YouTubeVideo('KVR1_cVlLRE', width=1000, height=800)

Enter Binder Project

  • Released on May, 2016

  • Updated 2.0 on November, 2019

  • The Binder Project is an open community that makes it possible to create shareable, interactive, reproducible environments.

  • The main technical product that the community creates is called BinderHub, and one deployment of a BinderHub exists at mybinder.org.

  • Who is it for?:

    • Researchers, Educators, people analyzing data and people trying to communicate the data analysis to others!!

BinderHub

BinderHub connects several services together to provide on-the-fly creation and registry of Docker images. It utilizes the following tools:

  • A cloud provider such Google Cloud, Microsoft Azure, Amazon EC2, and others

  • Kubernetes to manage resources on the cloud

  • Helm to configure and control Kubernetes

  • Docker to use containers that standardize computing environments

  • A BinderHub UI that users can access to specify Git repos they want built

  • BinderHub to generate Docker images using the URL of a Git repository

  • A Docker registry (such as gcr.io) that hosts container images

  • JupyterHub to deploy temporary containers for users

BinderHub Flow

Let’s Try it!

I have a Notebook. Now What!

From a security perspective, there are a few basic things that you can start doing to start integrating notebooks to your research operations.

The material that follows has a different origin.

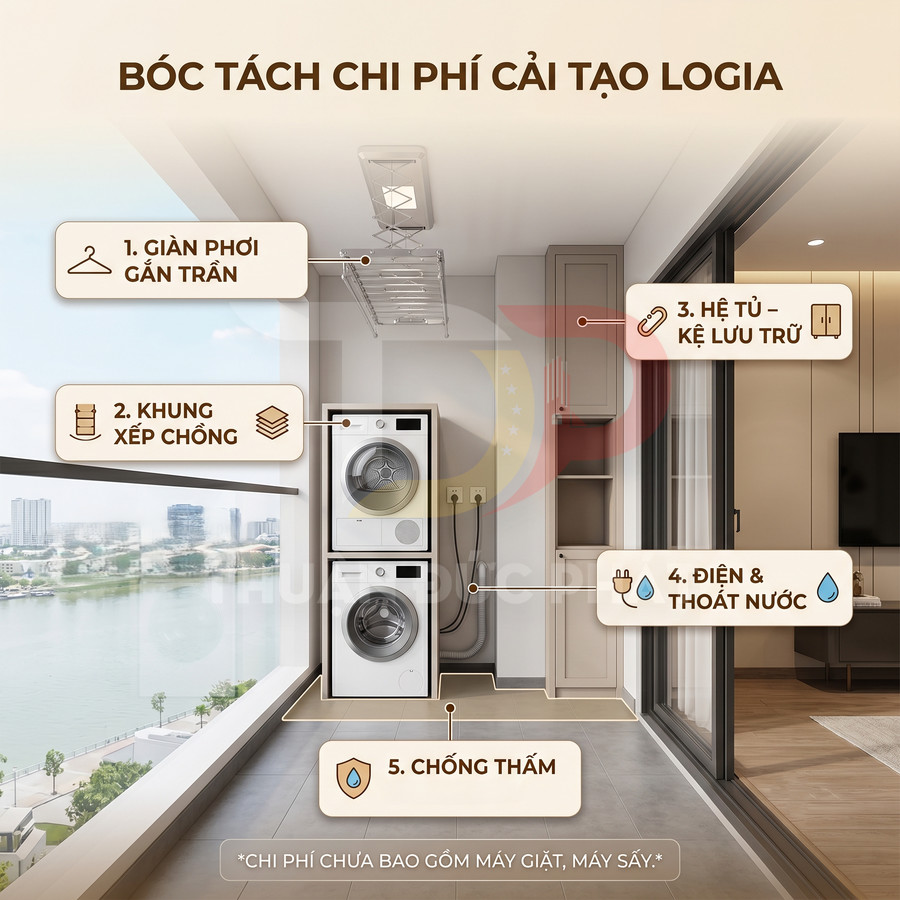 Khu logia chung cư với máy giặt máy sấy xếp chồng, giàn phơi gắn trần và hệ tủ kệ lưu trữ hiện đại
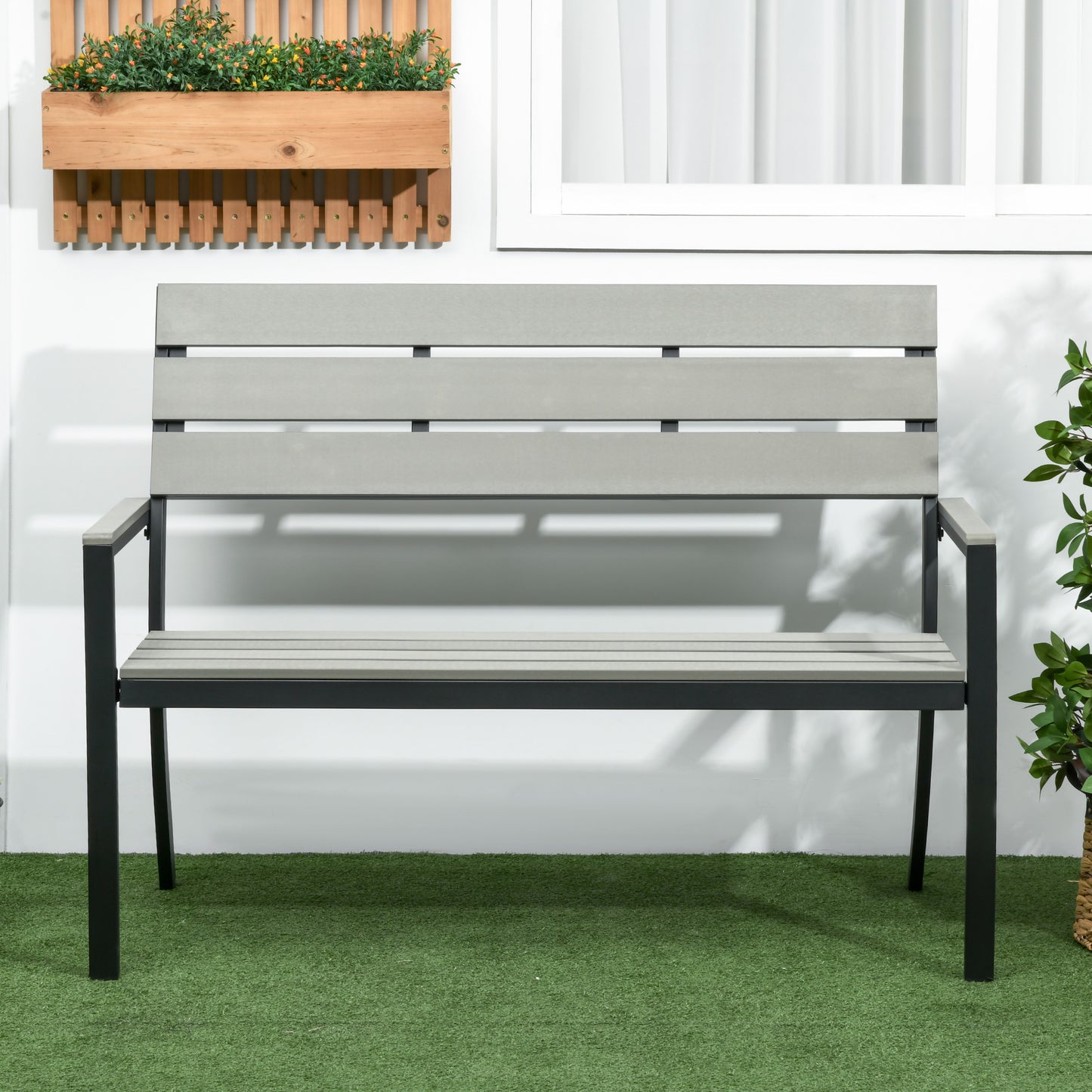 Outsunny Banco De Jardín De 2 Plazas De Plástico Con Marco De Acero 122x65x92 Cm_1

Connect to your favorite SIEMs

  • ELK (Elasticsearch)

  • Splunk

  • Azure Sentinel (Workspace)

Empower others in the infosec community and make your work reproducible

  • Mordor Project (@Mordor_Project)

  • Threat Hunter Playbook (@HunterPlaybook)

Connect to Elasticsearch (Elasticsearch DSL Libraries)

Pre-requisites:

  • pip install elasticsearch

  • pip install pandas

  • pip install elasticsearch-dsl

Import the following libraries

from elasticsearch import Elasticsearch
from elasticsearch_dsl import Search
import pandas as pd

Reference: https://medium.com/threat-hunters-forge/jupyter-notebooks-from-sigma-rules-%EF%B8%8F-to-query-elasticsearch-31a74cc59b99

Connect to Elasticsearch (Elasticsearch DSL Libraries)

Initialize an Elasticsearch client using a specific Elasticsearch URL. Next, you can pass the client to the Search object that we will use to represent the search request in a little bit.

es = Elasticsearch(['http://<elasticsearch-ip>:9200'])
searchContext = Search(using=es, index='logs-*', doc_type='doc')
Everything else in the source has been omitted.